Source Key

In the report service database the data is segmented in to 'sources'. Each source has a 'sourceKey'.

They were originally intended to segment the data stored in the report-service. This way tools working with the report-service wouldn't accidentally clobber some other tool's data. However, we are now sharing this data between multiple tools, so they aren't as useful as they used to be.

Shared Source Keys

answers

The LARA Runtime, AP, portal-report, and Athena researcher report, all need to look at the same answers. The LARA Runtime and AP write these answers. The portal-report and Athena researcher report read these answers.

For testing purposes it would also be useful for the portal-report to write these answers.

The sourceKeys for production answers are:

activity-player.concord.org: this is where the AP writes answers
authoring.concord.org: this is where LARA writes answers

Note: The activity-player can be configured to read and write answers to the authoring.concord.org for testing a migration path. This is done using the activity player's report-source url parameter.

question_feedbacks and activity_feedbacks

Currently only the portal-report reads and writes the feedback documents. It is likely the AP will start to look at the feedback so it can show it to the students when they are running the activity.

The sourceKey for production feedback documents is:

authoring.concord.org: this is where the portal-report writes

resources

These documents represent the activity or sequence structure that the portal-report and Athena report are reporting on. The structure includes the activity title, pages, questions, and question prompts. Currently only LARA writes resource documents. The portal-report and the Athena report read these documents.

The sourceKey for production resource documents is:

authoring.concord.org

Read or Write

A key part is the write and read or directionality of the data in the various sources. This read and write stuff also applies to permissions. Ideally the permissions should prevent the other apps and users from writing to documents which they only should read.

Currently the access rules in the report service do not prevent apps from writing to documents. If the current user has access to write to a document in one app, then they have access to write in any app. That might not be something worth fixing.

New collections

Soon the AP is going to start saving the page the student is currently on. I think it would be best if that was saved in a run specific document in a new collection. Following the pattern of the answer documents, then it should have a sourceKey of activity-player.concord.org. These run documents would be indexed by run_key or by resourceLinkId+userId. They could contain additional info besides the current page:

the resourceUrl
the offeringUrl That'd make it easier for some reports to be launched without needing as many parameters as they currently do.

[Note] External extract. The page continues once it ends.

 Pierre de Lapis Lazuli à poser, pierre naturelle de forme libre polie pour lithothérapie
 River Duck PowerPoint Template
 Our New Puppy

Details about `tool_id` in the answers documents

It is always added by the AP with a value of portalData.toolId. And this is the activity-player URL including its path so it would include the version or branch info if that was used. So this tool_id value works well for identifying which tool actually wrote the answer regardless of which source it is under.

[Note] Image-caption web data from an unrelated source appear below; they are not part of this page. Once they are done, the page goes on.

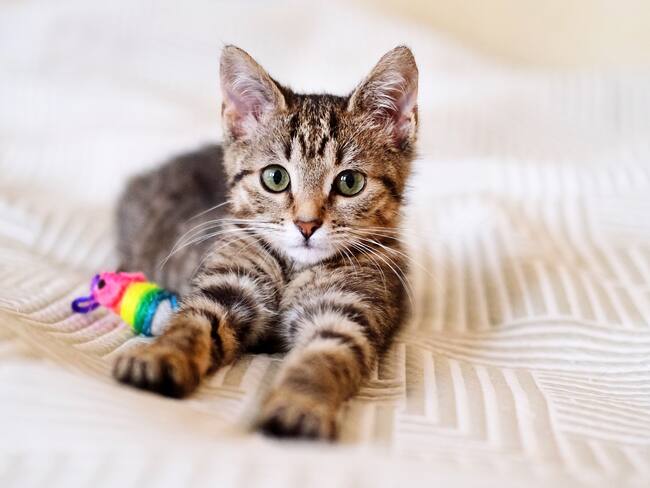 Gato acostado encima de una cama junto a su juguete (Foto vía GettyImages)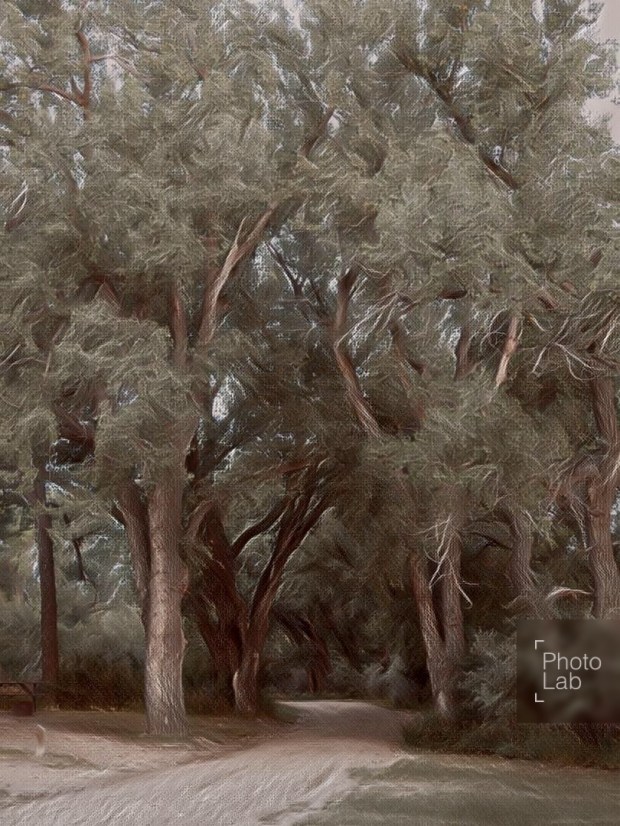 connie sobchak image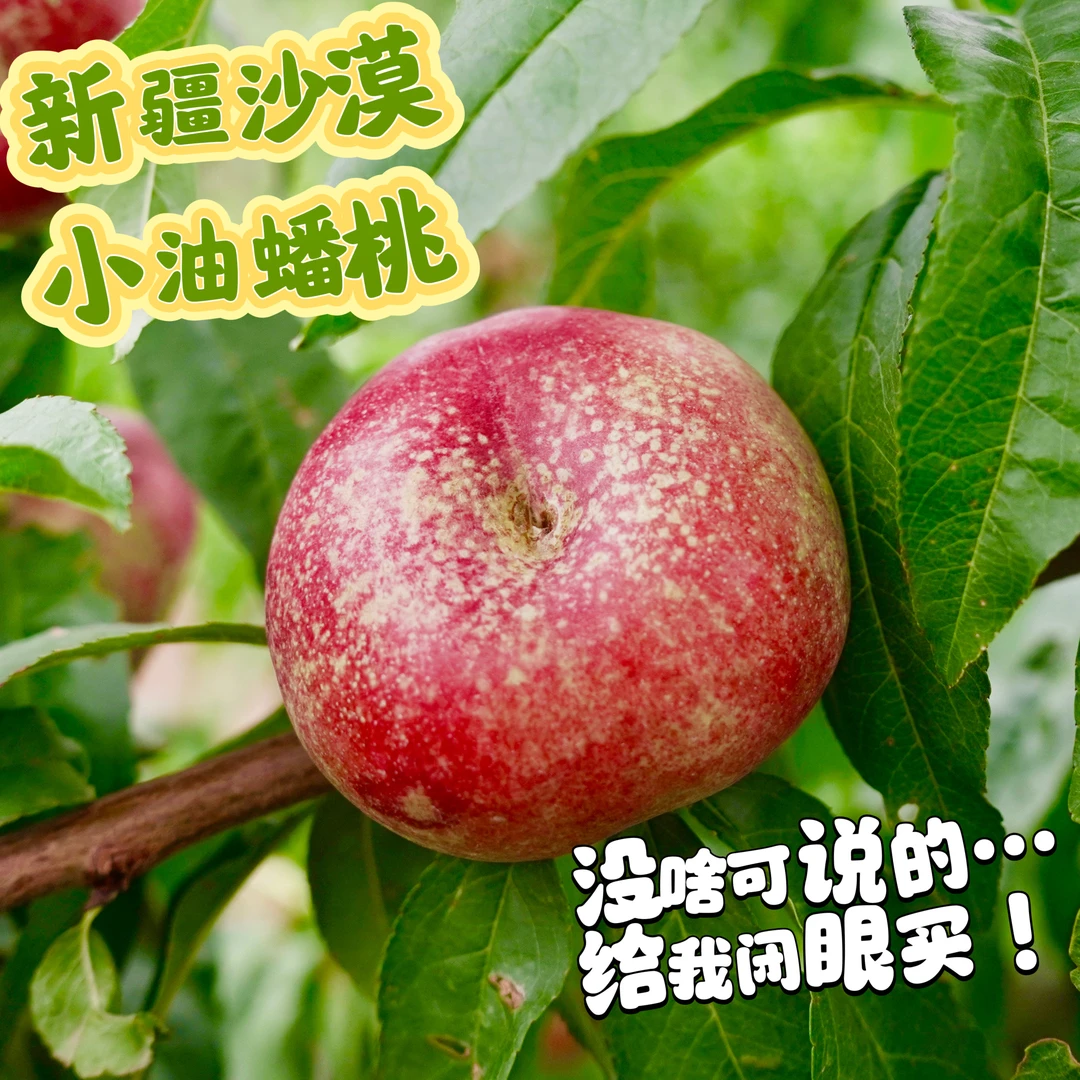 新疆沙漠小油蟠 浓香高甜风味酸 一口定胜负 2.8斤 顺丰空运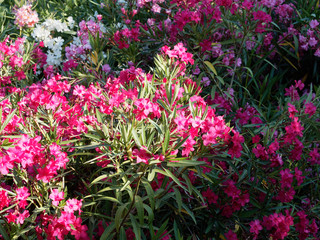 Nerium oleander in bloom with red flowers in clusters at the end of each branch and dark-green lanceolate leaves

LARA also always adds this to the answers. Its value is either the REPORT_SERVICE_TOOL_ID if it is set or REPORT_SERVICE_SELF_URL otherwise. The REPORT_SERVICE_SELF_URL is required to be set. The REPORT_SERVICE_TOOL_ID is optional and normally used in the dev environment.

Typically the tool_id in the answers will be authoring.concord.org.

Design Guidelines

Deciding what sourceKey to use a for a new type of document is not easy because there isn't a consistent set of rules. So the best option with the current implementation is to look at the other sourceKeys and use your best judgment.

sourceKey is sort of the domain of application writing data

If we say the source should be the domain of the application that writes the data, here is a analysis of the current code through that filter:

Correct

resources only LARA writes here so it should be authoring.concord.org and it is.
answers it is activity-player.concord.org when the AP writes answers and authoring.concord.org when LARA write answers.

Incorrect

user_settings is written by portal-report.concord.org, but the sourceKey is learn.concord.org
feedback_settings is written by portal-report but the sourceKey is authoring.concord.org
question_feedbacks is written by portal-report but the sourceKey is authoring.concord.org
activity_feedbacks is written by portal-report but the sourceKey is authoring.concord.org

sourceKey is sort of the domain of resource the document is related to

In this case the sourceKey is the domain that the documents are related too. So if a document is about a user and the user is authenticated in the portal then the sourceKey would be portal domain. Or if the document is feedback about an activity and the activity is coming from authoring.concord.org then the feedback document should also have a sourceKey of authoring.concord.org.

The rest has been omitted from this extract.